«L’écriture c’est moi» [ «Почерк – это я»], и если Вы хороший графолог – Вы по почерку письма могли бы установить, что с автором опять что-то неладно (сам я разницу своих почерков очень хорошо знаю). С середины декабря до середины февраля чувствовал себя превосходно… <…> А сейчас опять одолевает бессонница, разболтались нервы. Это всегда некстати, а сейчас – особенно: на столе ждет работа… <…>
После блохо-ставицких приключений <…>…есть и еще кое-какие кинематографические перспективы и эспуары [надежды], но к сожалению даже самые розовые не меняет на франки ни один банк. <…>
А в Париже – уже весна, мимозы и фиалки на улице, влюбленные нагло целуются во всех метро… Не повезло бедняге Федину: пока он здесь жил – все время была отвратительная погода. А теперь греется у своей петербургской печки. <…>
Кстати, о Петербурге: прочтите роман Б. Темирязева «Повесть о пустяках», Вам приятно будет вспомнить свои петербургские годы, это – роман о Петербурге, о нашем городе. Об авторе я Вам, кажется, рассказывал: таинственная личность, в натуральности его никто не видал. Но он существует: на днях у консьержа мне была оставлена эта книга с авторской надписью (хотя я автора и не знаю). <…> Очень любопытная книга[556]
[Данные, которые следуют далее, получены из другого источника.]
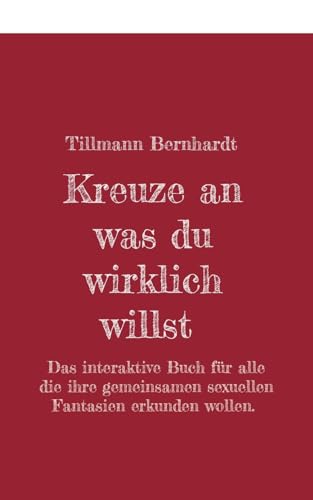 Kreuze an, was du wirklich willst: Das interaktive Buch für alle, die ihre gemeinsamen sexuellen Fantasien erkunden wollen.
.В этом был элемент шутливой мистификации, так как он прекрасно знал, что «Повесть о пустяках», недавно опубликованная в Берлине под псевдонимом, написана художником Ю. П. Анненковым. К этому тексту эмигрантская общественность отнеслась с некоторым подозрением: «Этот роман о революции воспринимался как советский благодаря типу повествования, полному выразительных “приемов”, основанных на технике монтажа, и языку, напоминавшему советский “орнаментализм”. Некоторые восприняли его как провокацию, предполагая, что роман был написан советским писателем» [Livak 2003: 30]. Эта ситуация, отразившая возросшие разногласия между консервативными литературными вкусами эмиграции и эстетикой первого поколения советских писателей, возможно, объясняет также, почему за пять лет до этого роман «Мы» Замятина был встречен во Франции без особого энтузиазма.
Он прислал Куниной-Александер свой текст «Lettres russes» («Русской литературы») – статьи, черновик которой был написан им на французском языке, – еще до ее публикации в «Marianne» 15 апреля[557]
. Выбор русских военных романов в качестве темы статьи, рассчитанной на французских читателей, он насмешливо оправдывал их близостью политической атмосфере того времени:По всей очевидности мы находимся накануне блистательной демонстрации последних достижений человеческого гения: стратосферные снаряды, смертоносные лучи и т. д. Все готовятся к войне, о ней говорят, о ней пишут повсюду. Даже в СССР, который первый настаивал на немедленном разоружении и который по иронии истории может стать первой страной, втянутой в войну. За последнее время там появилась целая серия романов на военные сюжеты, и если Фрейд прав, когда говорит, что мечты и искусство равно служат для освобождения от навязчивых идей, то это весьма знаменательный факт.